The main goal of every University of South Dakota student is usually to graduate with a degree that will ultimately better the chances they attain their dream job.
Even with a degree, the chances of a student waiving their recently awarded degree around and an employer immediately confronting the student about a job opportunity is highly unlikely.
There is a lot of preparation students must do to ensure the degree they paid thousands of dollars for does not go to waste. While much of this initiative must come from the students themselves, universities should share some of this burden and take responsibility so their efforts as an institution are being recognized and put to good use.
USD took on this responsibility this week by hosting its annual Career and Graduate School Fair in the Muenster University Center.
With 54 employers present at the event, more than 400 students were in attendance — more than double the amount of people who came to the event in 2013.
It’s essential the university hosts events like this throughout the year, helping fuel interaction between students and business professionals.
At a time when professional networking is sometimes more useful in getting a job than merely having a degree, some students simply do not have the resources or the opportunities to make as many connections in the business world as they probably should to compete with the thousands of other college students looking for jobs after graduation.
Organizers of the Career and Graduate School Fair said they did not change the way they advertised the event, yet there was a significant spike in attendance.

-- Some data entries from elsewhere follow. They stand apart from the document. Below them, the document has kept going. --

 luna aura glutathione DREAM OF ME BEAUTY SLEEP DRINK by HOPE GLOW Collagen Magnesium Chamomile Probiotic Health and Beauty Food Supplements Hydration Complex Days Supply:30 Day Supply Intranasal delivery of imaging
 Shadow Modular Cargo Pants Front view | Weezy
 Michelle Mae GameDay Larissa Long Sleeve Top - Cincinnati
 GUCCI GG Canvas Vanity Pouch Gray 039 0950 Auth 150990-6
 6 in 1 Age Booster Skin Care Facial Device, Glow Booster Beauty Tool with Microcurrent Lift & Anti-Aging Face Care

It is clear students are taking initiative and want all the help they can get from the university in pursuing their career goals.
With an obvious demand from students for the university to facilitate events like this, USD should continue to amp up its efforts in similar events as they did with their Oct. 23 event.

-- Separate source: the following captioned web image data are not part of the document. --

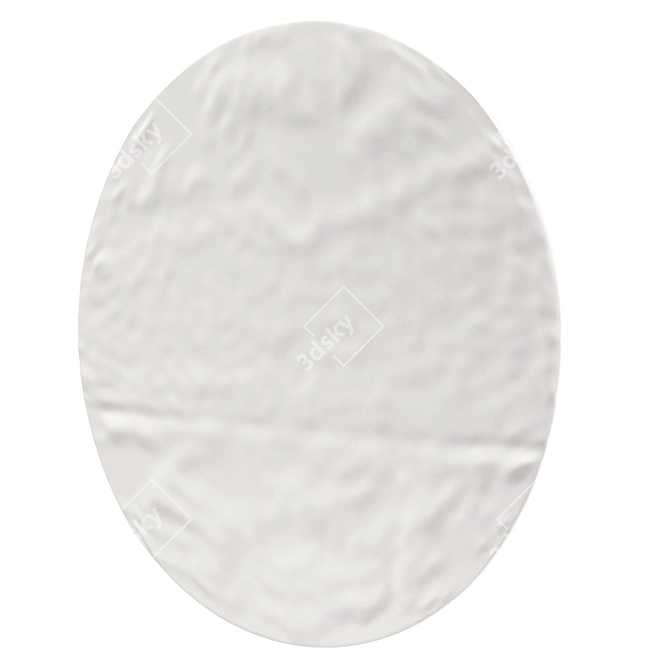 Minimalist Gypsum Round Panel 3D model image 5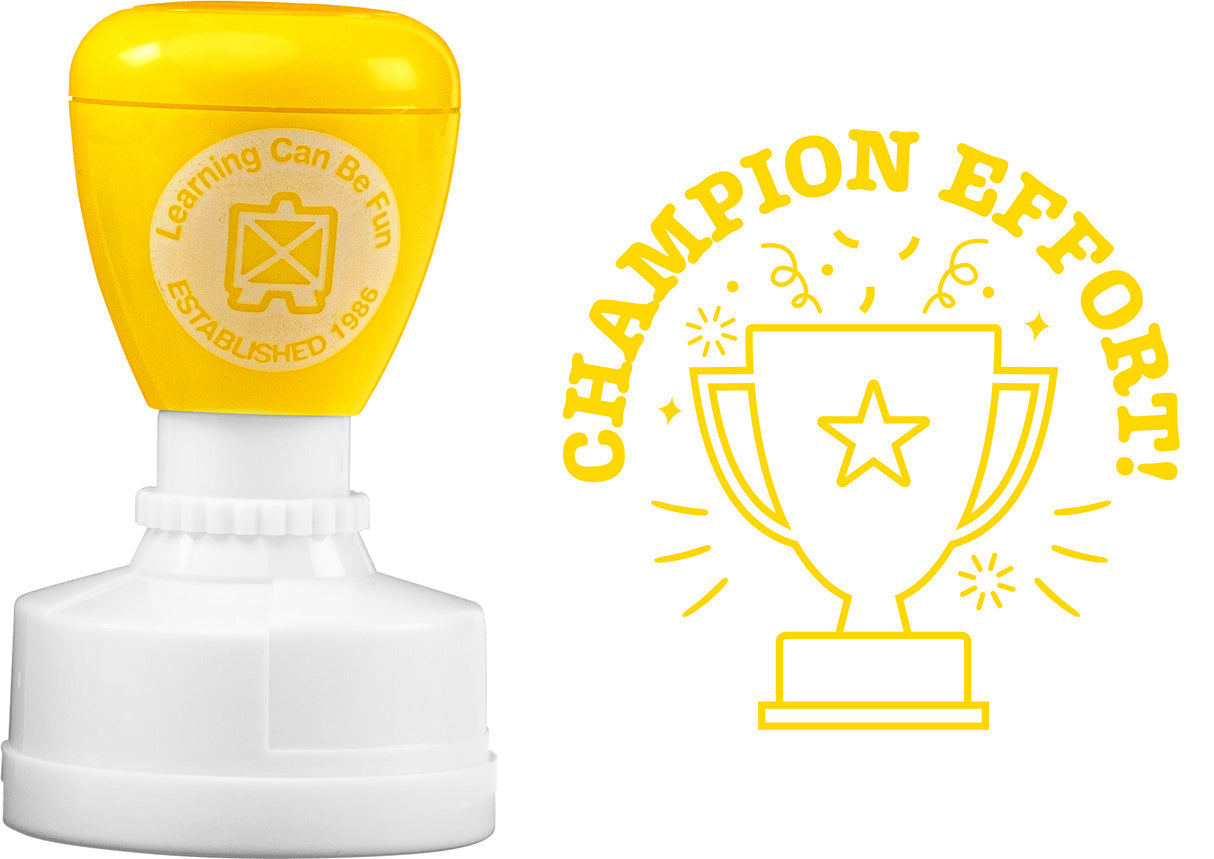 Learning Can Be Fun Champion Effort Merit Stamp self inking classroom reward stamp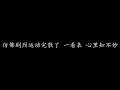 头发乱了 张学友 (歌词版)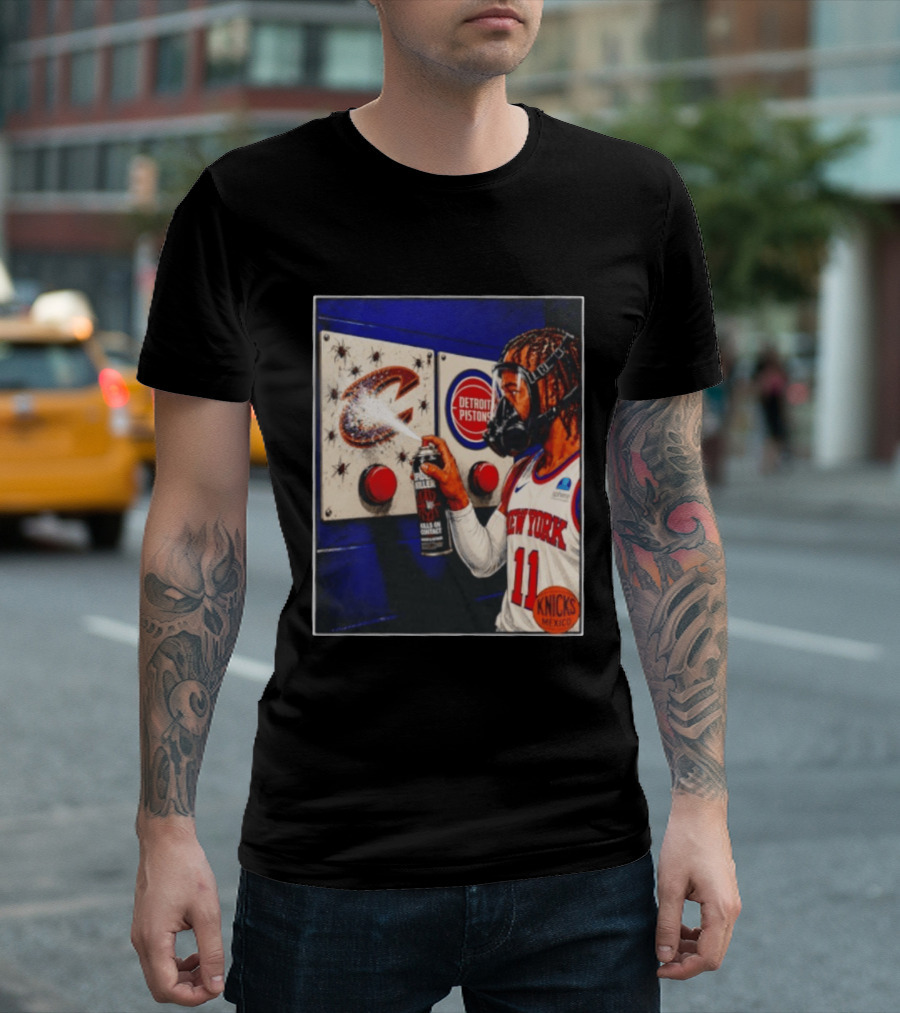 Spider Killer Jalen Brunson 11 New York Knicks Cavaliers Pistons Spray Knicks Mexico T-Shirt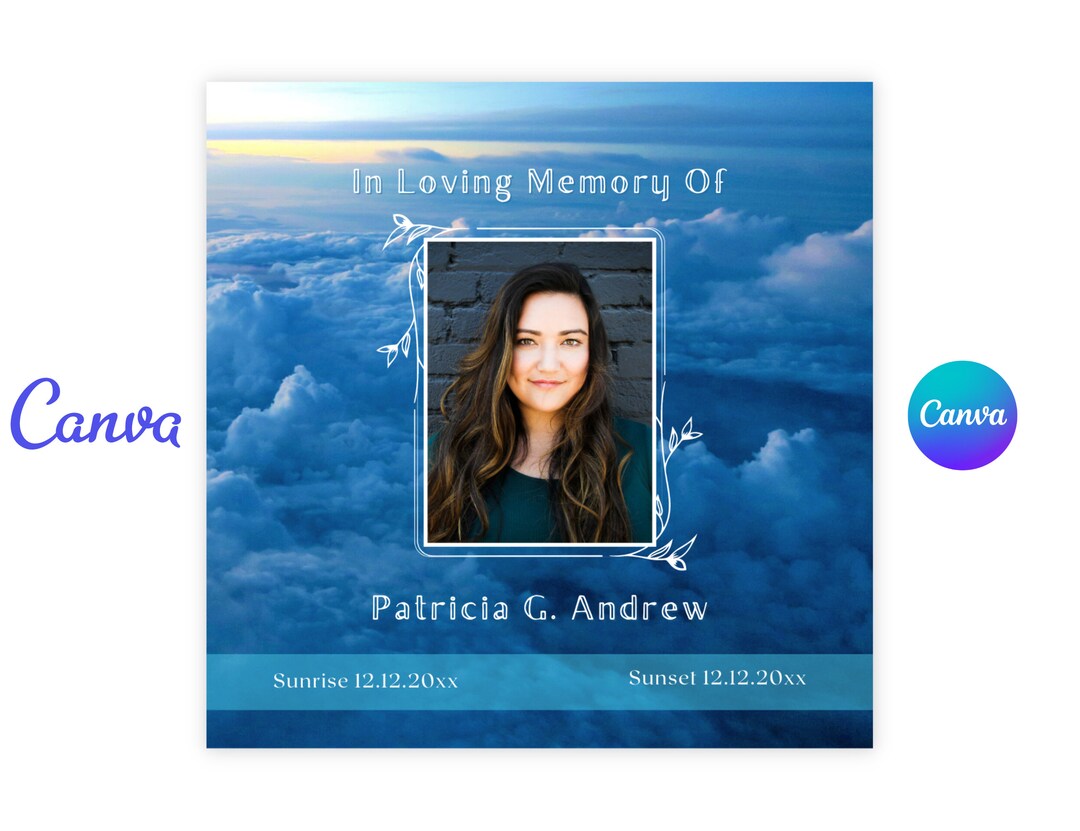 Turquoise in Loving Memory Easy RIP in Loving Memory Facebook Etsy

Despite high attendance, organizers need to put more effort into advertising their career fairs and strive to get as many students to those events as possible.
With undergraduate and graduate student enrollment nearing the 10,000 mark, 400 students is a relatively small number in terms of participation and engagement.
While the university can only do so much to encourage students to take advantage of professional networking events, at the end of the day students need to assess their priorities and utilize the opportunities presented to them.